Friday, September 9th, 2011

Changing the air filters in your furnace and air conditioner is an essential maintenance task. The benefits of having a fresh filter for the air circulating in your Fayetteville home are numerous. The better air quality is good for your respiratory health, fewer allergens permeate the air, your system runs more efficiently and you save money. So why is it so difficult to remember to replace those filters? To help prevent those issues, try some of these tips to remember your replacement schedule.

Set Reminders for Later

Think of the last time you inspected and replaced your air filter. Was it more than three months ago? Replace it now. Can’t remember? Replace it anyway. Go ahead; this post will wait. Now that you’ve taken care of that, set a reminder for three months from now. Try one of these systems to remind yourself:

  • Put it into your cell phone calendar.
  • Use a calendar application that sends email alerts to remind you.
  • Circle the day on your wall or desk calendar.
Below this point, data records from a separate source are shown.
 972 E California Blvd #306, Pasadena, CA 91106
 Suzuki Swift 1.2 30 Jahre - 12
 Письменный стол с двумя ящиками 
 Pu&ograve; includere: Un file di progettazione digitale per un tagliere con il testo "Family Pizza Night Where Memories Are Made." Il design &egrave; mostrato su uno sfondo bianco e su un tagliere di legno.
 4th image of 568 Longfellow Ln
Whatever method works best for you, make sure to use it and stick to it. While you are at it, set monthly reminders to inspect the filters. The EPA recommends making the switch every three months, or whenever the filter is visibly dirty.

Make a Connection

If you don’t like to have reminders, or perhaps find yourself forgetting to even set the reminders, hope is not lost. Try scheduling filter changes to coincide with something you will remember, or putting it on the same day as other routine maintenance tasks. Here are some examples:

  • Make the day of the month the same as that of your birthday or anniversary. Bonus points if your birthday is June 25, since that combines with Christmas to take care of two replacements a year. Just remember March and September and you are all set!
  • Three months is about as often as cars need oil changes, so do both on the same day. Drove 3000 miles already? Time to change the furnace filter.
  • Schedule on a holiday. In the U.S., for example, Martin Luther King Day, Easter Sunday, the Fourth of July and Columbus Day are all approximately three months from one another.

The Failsafe

If all else fails, hire a professional to inspect and change the filters for you, and rely on his appointment keeping skills to make up for any memory lapses you may have. It will cost a bit more than DIY, but at least it will get done, and the maintenance will save you on the costs of wasted energy.